Affordability Crisis

By on Dec 29, 2016 in News

While the ghosts of the last decade’s housing crisis have (mostlyshutterstock_327113930) been put to rest, for many families priced out of their local markets the need for affordable housing remains strong.

Like the PC’s infamous “blue screen of death,” the Urban Institute’s map of affordable housing inventory is terrifying to behold. A handful of dark blue swatches in Midwest represent healthy levels of affordable housing inventory. The rest of the country, on the other hand, sits awash in the lightest indigo hues. From barely perceptible azure to the palest cerulean, a majority of states contain less than 50 units per 100 extremely low-income households. More than a third sit at, or close, to zero.

As demand for budget-friendly rentals continues to rise, many communities struggle to provide adequate supply. In response to this affordable housing crisis, the White House recently released the Housing Development Toolkit. Part call to action, part policy overhaul, the toolkit’s main purpose it to help cities increase their affordable housing inventory.

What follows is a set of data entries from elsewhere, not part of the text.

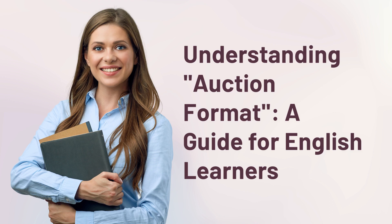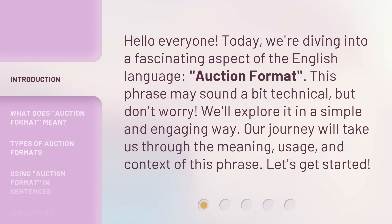Understanding Auction Format: A Guide for English Learners. Hello everyone, today we're diving into a fascinating aspect of the English language — auction format. This phrase may sound a bit technical, but don't worry, we'll explore it in a simple and engaging way. Our journey will take us through the meaning, usage, and context of this phrase. Let's get started.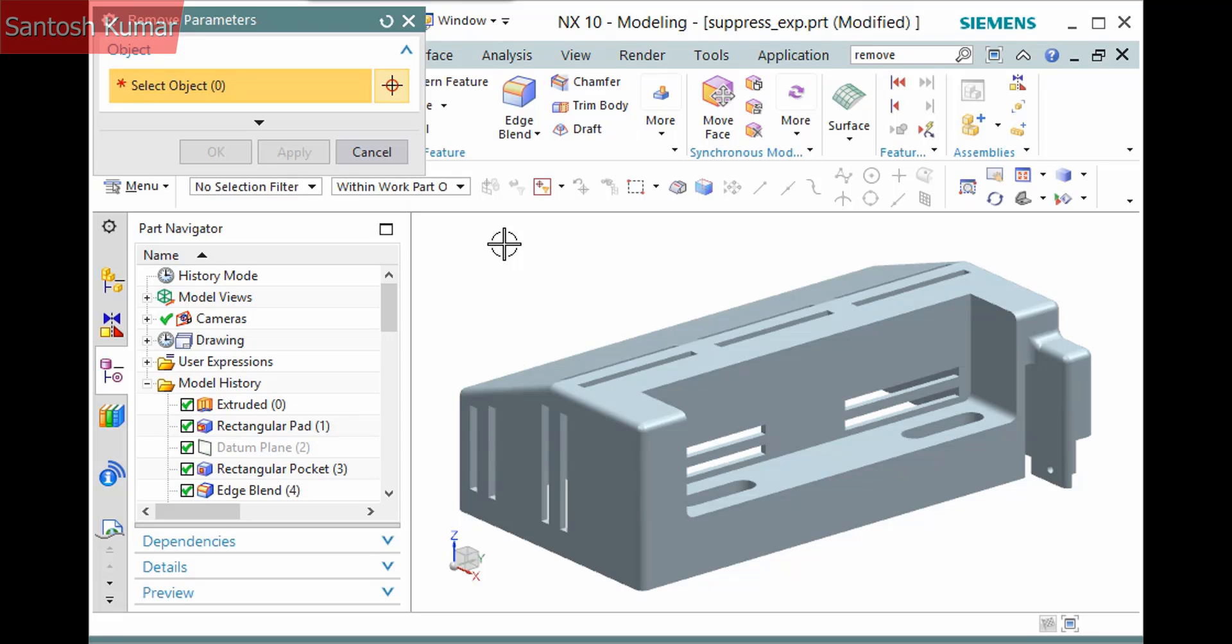Some use this on a part file they are sending to a third-party vendor in order to protect the methodology used in creating the model. If this is the case, be sure to make a copy of the part file and remove the parameters from the copy, keeping the original parametric.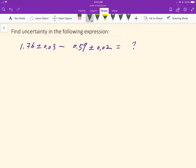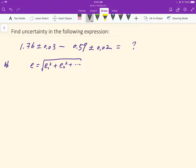First of all, the equation to find the absolute uncertainty in addition and subtraction is E equals the square root of the sum of the absolute uncertainties. Remember this is for absolute uncertainty. In this case, the absolute uncertainty in the expression is equal to the first term plus the second term, then take the square root.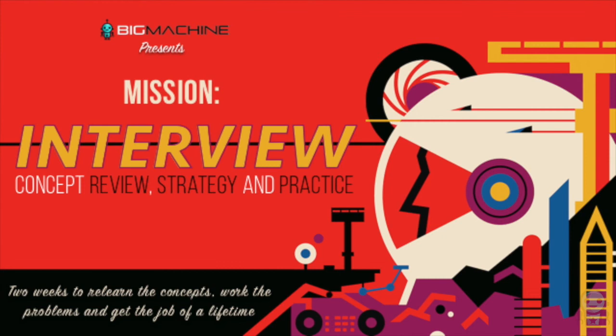I made the video that I wish existed years ago when I interviewed at big tech companies. I needed to hear that it was possible, that I could do it. You can do it. We'll do it together. Let's go.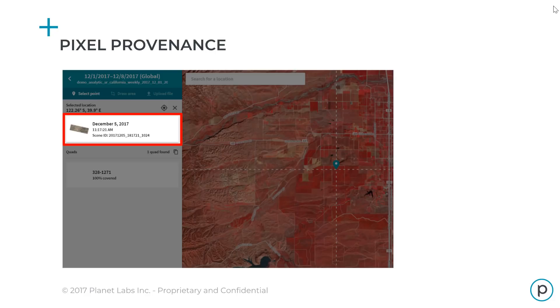Another exciting feature of Planet basemaps is that we provide the full source provenance of each pixel. So if you need to know the exact date, time, and source of the pixel in any of our basemaps, you can find it right from the viewer or API.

“The growing severity of unsupplied housing markets is jeopardizing housing affordability for working families,” write the toolkit’s authors, “increasing income inequality by reducing less-skilled workers’ access to high-wage labor markets, and stifling GDP growth by driving labor migration away from the most productive regions,”

Accumulated Barriers

While New York City’s real estate market is the stuff of legend, until recently most cities were able to supply adequate housing to residents. Unfortunately, several factors have conspired over the last few years to shrink stock and ramp up costs. These “accumulated barriers” are identified by the toolkit as lack of adequate construction, high job growth in areas with low vacancy rates, gentrification, and cost-per-unit increases paired with insufficient public assistance.

“The accumulation of these barriers has reduced the ability of many housing markets to respond to growing demand,” the report explains.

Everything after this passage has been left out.